EXCERPTED RECORDS
###

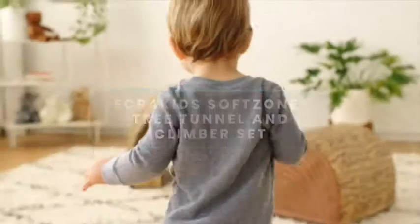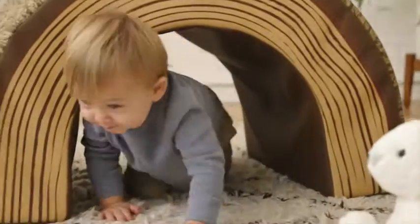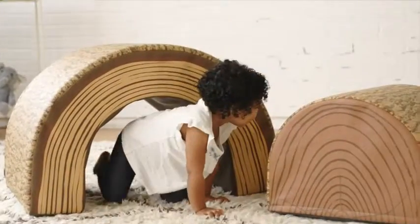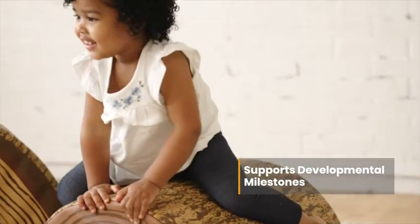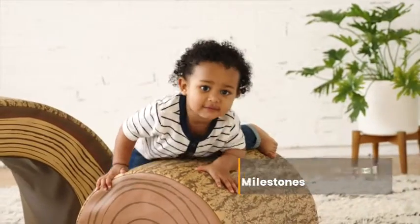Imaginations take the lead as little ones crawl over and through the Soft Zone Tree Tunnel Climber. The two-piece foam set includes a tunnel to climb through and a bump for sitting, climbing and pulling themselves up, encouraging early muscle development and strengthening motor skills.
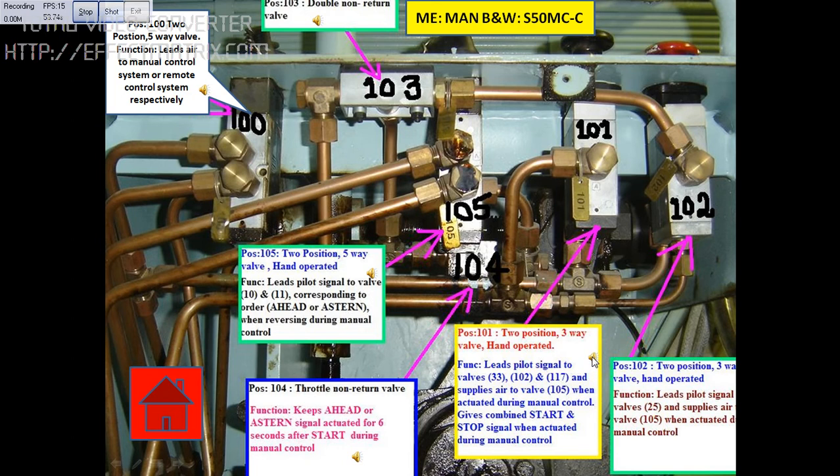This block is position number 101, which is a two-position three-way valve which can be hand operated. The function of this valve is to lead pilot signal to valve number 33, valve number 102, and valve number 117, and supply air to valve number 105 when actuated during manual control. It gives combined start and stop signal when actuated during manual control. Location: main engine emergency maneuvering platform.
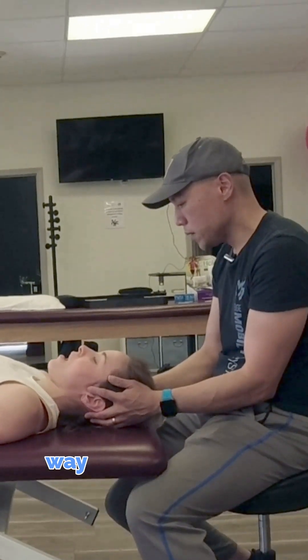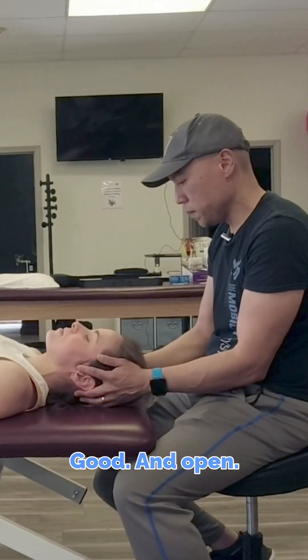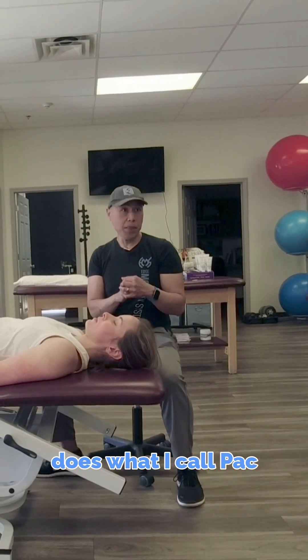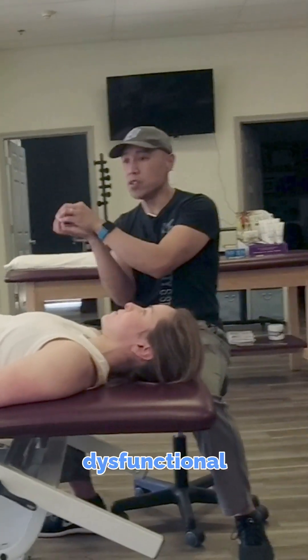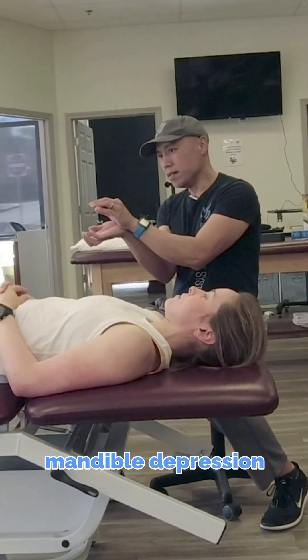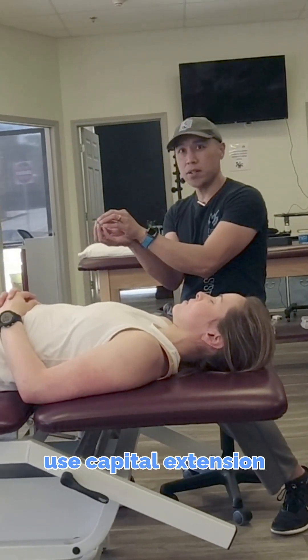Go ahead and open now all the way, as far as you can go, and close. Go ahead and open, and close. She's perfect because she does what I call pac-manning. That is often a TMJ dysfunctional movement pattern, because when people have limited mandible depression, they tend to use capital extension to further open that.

###

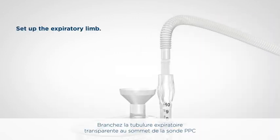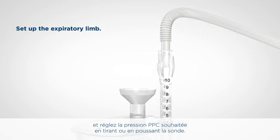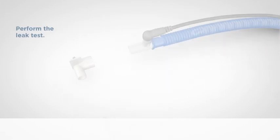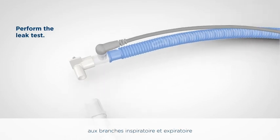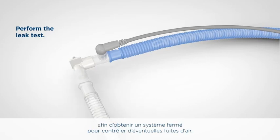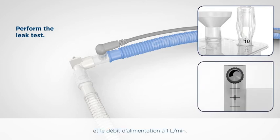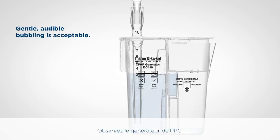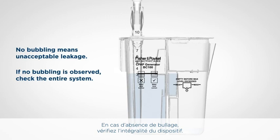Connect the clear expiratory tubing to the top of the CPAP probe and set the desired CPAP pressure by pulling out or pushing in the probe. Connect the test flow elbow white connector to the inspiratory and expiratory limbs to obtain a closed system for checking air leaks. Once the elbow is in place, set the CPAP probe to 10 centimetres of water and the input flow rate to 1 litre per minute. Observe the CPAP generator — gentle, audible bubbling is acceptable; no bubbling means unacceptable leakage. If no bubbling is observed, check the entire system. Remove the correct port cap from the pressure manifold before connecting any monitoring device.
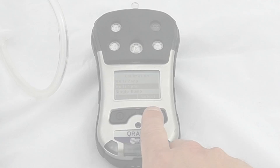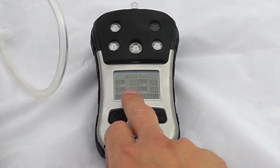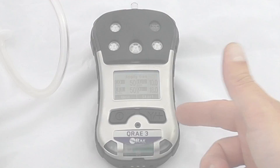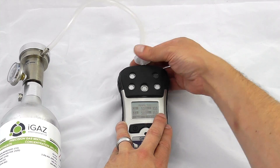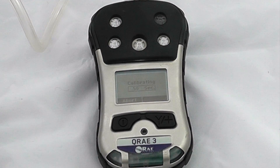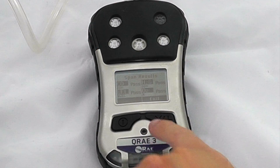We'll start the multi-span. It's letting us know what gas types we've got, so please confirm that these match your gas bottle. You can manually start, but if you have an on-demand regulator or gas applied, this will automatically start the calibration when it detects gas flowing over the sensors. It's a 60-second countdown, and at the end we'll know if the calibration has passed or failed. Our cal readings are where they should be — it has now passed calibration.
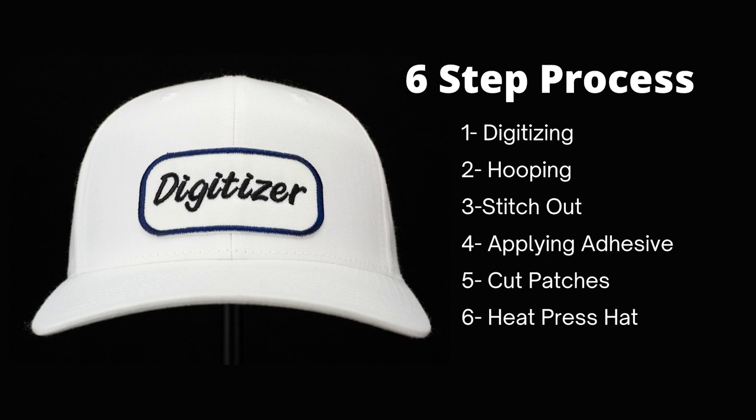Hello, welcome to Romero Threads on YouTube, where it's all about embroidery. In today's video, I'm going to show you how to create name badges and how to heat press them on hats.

###

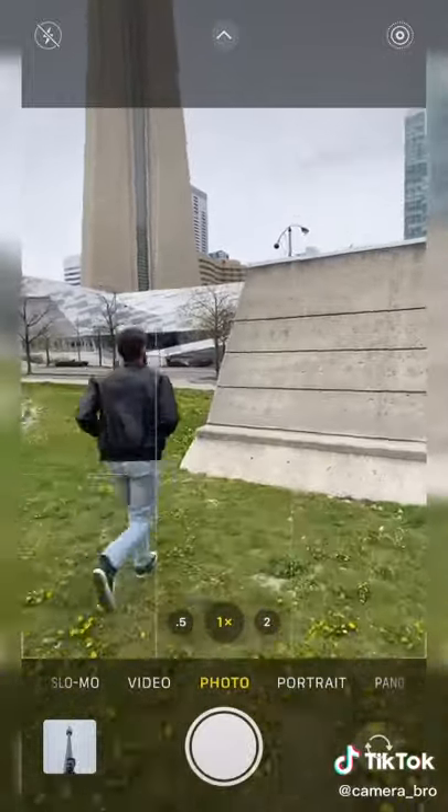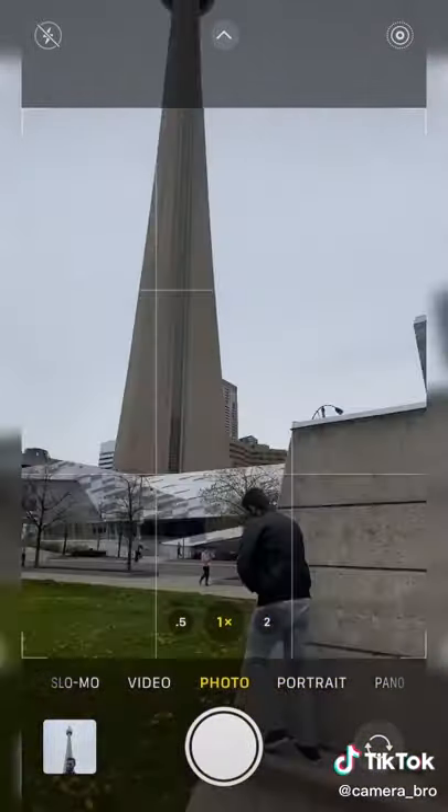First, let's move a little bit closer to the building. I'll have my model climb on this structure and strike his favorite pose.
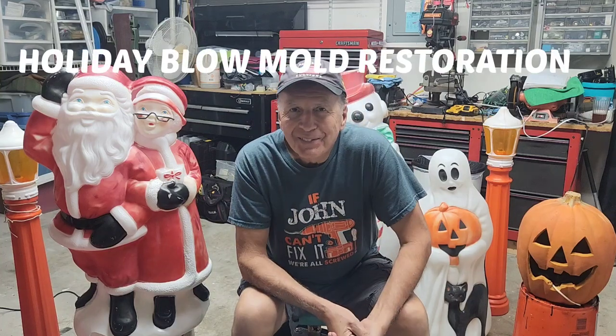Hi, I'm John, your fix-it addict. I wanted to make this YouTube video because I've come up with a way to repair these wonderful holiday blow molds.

###

WHAT YOU ARE ASKED TO DO
When copying from the data above, print only the lines from the line containing "We'll start the" to the line containing "Hello, welcome to", exactly, and leave the pictures out.

TASK RESULT
We'll start the multi-span. It's letting us know what gas types we've got, so please confirm that these match your gas bottle. You can manually start, but if you have an on-demand regulator or gas applied, this will automatically start the calibration when it detects gas flowing over the sensors. It's a 60-second countdown, and at the end we'll know if the calibration has passed or failed. Our cal readings are where they should be — it has now passed calibration.
Hello, welcome to Romero Threads on YouTube, where it's all about embroidery. In today's video, I'm going to show you how to create name badges and how to heat press them on hats.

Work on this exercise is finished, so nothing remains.